### Exercise
In the entries below, find every line with "thumbnail" and copy it.

--- Materials provided Enclosed Below ---

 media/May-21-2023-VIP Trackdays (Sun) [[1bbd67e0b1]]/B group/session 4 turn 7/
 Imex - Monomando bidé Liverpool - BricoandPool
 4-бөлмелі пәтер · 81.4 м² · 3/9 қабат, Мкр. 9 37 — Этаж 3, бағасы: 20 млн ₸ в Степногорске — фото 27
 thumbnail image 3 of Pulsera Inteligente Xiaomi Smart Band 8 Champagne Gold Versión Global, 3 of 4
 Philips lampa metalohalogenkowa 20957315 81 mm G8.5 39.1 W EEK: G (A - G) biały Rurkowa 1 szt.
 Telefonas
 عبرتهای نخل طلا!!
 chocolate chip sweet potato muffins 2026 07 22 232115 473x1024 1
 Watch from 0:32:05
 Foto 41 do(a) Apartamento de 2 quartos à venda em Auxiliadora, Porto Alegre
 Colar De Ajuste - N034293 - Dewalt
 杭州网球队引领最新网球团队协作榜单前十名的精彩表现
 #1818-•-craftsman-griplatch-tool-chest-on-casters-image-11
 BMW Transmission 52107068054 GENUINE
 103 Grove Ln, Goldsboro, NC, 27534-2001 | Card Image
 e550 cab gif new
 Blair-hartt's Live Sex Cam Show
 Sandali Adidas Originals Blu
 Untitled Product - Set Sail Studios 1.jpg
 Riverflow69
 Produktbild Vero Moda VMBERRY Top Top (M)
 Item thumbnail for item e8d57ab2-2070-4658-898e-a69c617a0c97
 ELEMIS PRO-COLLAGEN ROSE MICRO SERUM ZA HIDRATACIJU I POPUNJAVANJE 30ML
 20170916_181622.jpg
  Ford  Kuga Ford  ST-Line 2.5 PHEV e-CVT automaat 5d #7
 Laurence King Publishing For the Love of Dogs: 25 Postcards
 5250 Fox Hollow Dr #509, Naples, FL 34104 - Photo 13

--- End of Enclosed Materials provided ---

### Your solution
 thumbnail image 3 of Pulsera Inteligente Xiaomi Smart Band 8 Champagne Gold Versión Global, 3 of 4
 Item thumbnail for item e8d57ab2-2070-4658-898e-a69c617a0c97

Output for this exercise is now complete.